**Work instruction**:
Restate word for word the lines of the material below, from the line with "Aaliyah Miller nude photo #7" to the line with "钟光灵率队巡查督导水资源环境情况", both lines included, and no others.

*** Opening Material provided ***

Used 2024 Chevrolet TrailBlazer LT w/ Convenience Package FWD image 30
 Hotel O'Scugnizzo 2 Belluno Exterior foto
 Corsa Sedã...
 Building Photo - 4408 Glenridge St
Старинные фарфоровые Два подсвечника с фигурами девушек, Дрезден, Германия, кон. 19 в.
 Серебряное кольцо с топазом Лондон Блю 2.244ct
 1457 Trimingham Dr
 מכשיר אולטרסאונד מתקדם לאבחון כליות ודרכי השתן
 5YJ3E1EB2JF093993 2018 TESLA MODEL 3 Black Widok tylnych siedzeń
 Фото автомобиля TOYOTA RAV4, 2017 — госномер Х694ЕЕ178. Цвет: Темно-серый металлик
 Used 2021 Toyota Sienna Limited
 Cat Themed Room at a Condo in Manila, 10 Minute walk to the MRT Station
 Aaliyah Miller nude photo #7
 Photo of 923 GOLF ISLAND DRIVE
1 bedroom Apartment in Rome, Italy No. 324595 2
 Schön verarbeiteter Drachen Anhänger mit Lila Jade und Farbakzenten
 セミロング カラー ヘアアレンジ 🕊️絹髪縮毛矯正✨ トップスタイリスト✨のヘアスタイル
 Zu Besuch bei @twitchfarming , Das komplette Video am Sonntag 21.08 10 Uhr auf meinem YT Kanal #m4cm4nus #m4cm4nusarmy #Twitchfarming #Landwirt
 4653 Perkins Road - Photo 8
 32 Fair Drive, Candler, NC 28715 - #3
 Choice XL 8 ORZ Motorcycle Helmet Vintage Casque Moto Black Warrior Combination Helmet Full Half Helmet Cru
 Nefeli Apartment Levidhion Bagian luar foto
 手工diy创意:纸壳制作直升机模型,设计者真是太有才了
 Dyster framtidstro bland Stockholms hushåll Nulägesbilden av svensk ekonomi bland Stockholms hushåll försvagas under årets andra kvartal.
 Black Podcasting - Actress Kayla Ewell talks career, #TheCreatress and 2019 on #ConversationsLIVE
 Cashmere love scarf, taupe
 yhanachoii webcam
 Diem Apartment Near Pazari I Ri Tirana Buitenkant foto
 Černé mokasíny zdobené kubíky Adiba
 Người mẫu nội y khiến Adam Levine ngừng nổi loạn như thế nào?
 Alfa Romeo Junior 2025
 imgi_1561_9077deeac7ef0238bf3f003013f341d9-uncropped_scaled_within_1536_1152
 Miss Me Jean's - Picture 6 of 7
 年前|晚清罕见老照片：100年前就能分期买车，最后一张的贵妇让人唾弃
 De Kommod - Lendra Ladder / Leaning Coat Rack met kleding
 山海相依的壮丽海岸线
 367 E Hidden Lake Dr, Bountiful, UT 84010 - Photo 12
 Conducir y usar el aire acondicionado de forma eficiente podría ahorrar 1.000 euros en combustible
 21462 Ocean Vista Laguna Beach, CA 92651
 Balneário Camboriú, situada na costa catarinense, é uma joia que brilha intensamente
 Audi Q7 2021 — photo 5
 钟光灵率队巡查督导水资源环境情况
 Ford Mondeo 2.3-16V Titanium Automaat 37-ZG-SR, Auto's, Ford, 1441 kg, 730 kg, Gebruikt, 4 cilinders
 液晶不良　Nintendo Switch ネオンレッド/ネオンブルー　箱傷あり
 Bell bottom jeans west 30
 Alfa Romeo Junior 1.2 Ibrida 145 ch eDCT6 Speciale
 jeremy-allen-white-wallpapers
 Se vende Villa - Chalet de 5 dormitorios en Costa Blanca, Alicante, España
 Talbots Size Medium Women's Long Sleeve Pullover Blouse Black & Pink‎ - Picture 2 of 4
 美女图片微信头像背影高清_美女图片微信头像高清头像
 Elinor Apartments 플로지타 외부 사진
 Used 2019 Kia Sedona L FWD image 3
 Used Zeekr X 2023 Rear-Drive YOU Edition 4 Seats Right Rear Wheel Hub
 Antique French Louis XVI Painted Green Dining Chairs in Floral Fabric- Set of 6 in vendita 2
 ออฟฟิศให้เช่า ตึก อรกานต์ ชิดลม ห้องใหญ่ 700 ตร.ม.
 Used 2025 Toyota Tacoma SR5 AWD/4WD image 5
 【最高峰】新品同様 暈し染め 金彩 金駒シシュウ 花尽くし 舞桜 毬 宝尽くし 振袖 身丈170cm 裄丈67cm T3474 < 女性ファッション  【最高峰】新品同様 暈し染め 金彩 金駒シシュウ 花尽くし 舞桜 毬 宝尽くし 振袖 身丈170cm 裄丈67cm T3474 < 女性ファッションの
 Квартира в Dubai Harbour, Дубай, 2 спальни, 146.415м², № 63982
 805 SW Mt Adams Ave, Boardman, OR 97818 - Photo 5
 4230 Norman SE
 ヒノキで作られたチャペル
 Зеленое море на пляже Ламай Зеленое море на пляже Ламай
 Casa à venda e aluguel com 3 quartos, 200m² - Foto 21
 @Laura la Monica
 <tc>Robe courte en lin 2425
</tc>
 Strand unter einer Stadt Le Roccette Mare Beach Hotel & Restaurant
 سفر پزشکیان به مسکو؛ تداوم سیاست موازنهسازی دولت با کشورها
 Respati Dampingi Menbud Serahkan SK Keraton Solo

*** Closing Material provided ***

**Answer**:
 Aaliyah Miller nude photo #7
 Photo of 923 GOLF ISLAND DRIVE
1 bedroom Apartment in Rome, Italy No. 324595 2
 Schön verarbeiteter Drachen Anhänger mit Lila Jade und Farbakzenten
 セミロング カラー ヘアアレンジ 🕊️絹髪縮毛矯正✨ トップスタイリスト✨のヘアスタイル
 Zu Besuch bei @twitchfarming , Das komplette Video am Sonntag 21.08 10 Uhr auf meinem YT Kanal #m4cm4nus #m4cm4nusarmy #Twitchfarming #Landwirt
 4653 Perkins Road - Photo 8
 32 Fair Drive, Candler, NC 28715 - #3
 Choice XL 8 ORZ Motorcycle Helmet Vintage Casque Moto Black Warrior Combination Helmet Full Half Helmet Cru
 Nefeli Apartment Levidhion Bagian luar foto
 手工diy创意:纸壳制作直升机模型,设计者真是太有才了
 Dyster framtidstro bland Stockholms hushåll Nulägesbilden av svensk ekonomi bland Stockholms hushåll försvagas under årets andra kvartal.
 Black Podcasting - Actress Kayla Ewell talks career, #TheCreatress and 2019 on #ConversationsLIVE
 Cashmere love scarf, taupe
 yhanachoii webcam
 Diem Apartment Near Pazari I Ri Tirana Buitenkant foto
 Černé mokasíny zdobené kubíky Adiba
 Người mẫu nội y khiến Adam Levine ngừng nổi loạn như thế nào?
 Alfa Romeo Junior 2025
 imgi_1561_9077deeac7ef0238bf3f003013f341d9-uncropped_scaled_within_1536_1152
 Miss Me Jean's - Picture 6 of 7
 年前|晚清罕见老照片：100年前就能分期买车，最后一张的贵妇让人唾弃
 De Kommod - Lendra Ladder / Leaning Coat Rack met kleding
 山海相依的壮丽海岸线
 367 E Hidden Lake Dr, Bountiful, UT 84010 - Photo 12
 Conducir y usar el aire acondicionado de forma eficiente podría ahorrar 1.000 euros en combustible
 21462 Ocean Vista Laguna Beach, CA 92651
 Balneário Camboriú, situada na costa catarinense, é uma joia que brilha intensamente
 Audi Q7 2021 — photo 5
 钟光灵率队巡查督导水资源环境情况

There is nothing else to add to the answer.